■ Work task ■
Return the lines of the data below starting at the one holding "Vintage 1978 Fisher" and ending at the one holding "Buku Baru tentang", word for word, leaving every picture out.
++++ Source material
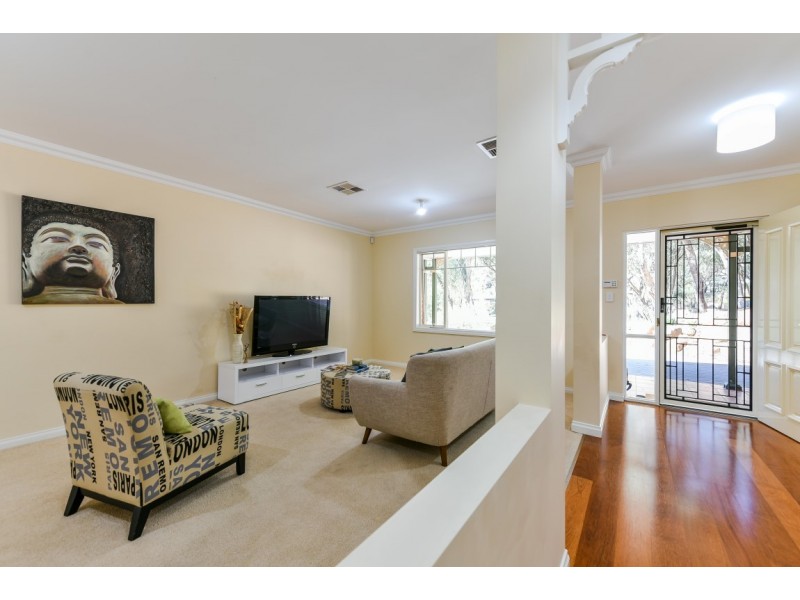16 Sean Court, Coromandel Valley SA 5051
++++++++
++++ Source material
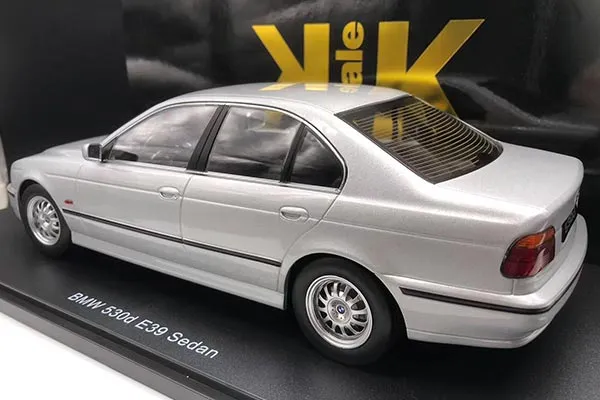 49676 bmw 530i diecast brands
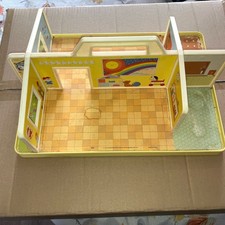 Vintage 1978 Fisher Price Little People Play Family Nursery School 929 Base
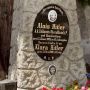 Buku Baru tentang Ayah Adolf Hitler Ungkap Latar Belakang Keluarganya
++++++++
■ Task result ■
 Vintage 1978 Fisher Price Little People Play Family Nursery School 929 Base
 Buku Baru tentang Ayah Adolf Hitler Ungkap Latar Belakang Keluarganya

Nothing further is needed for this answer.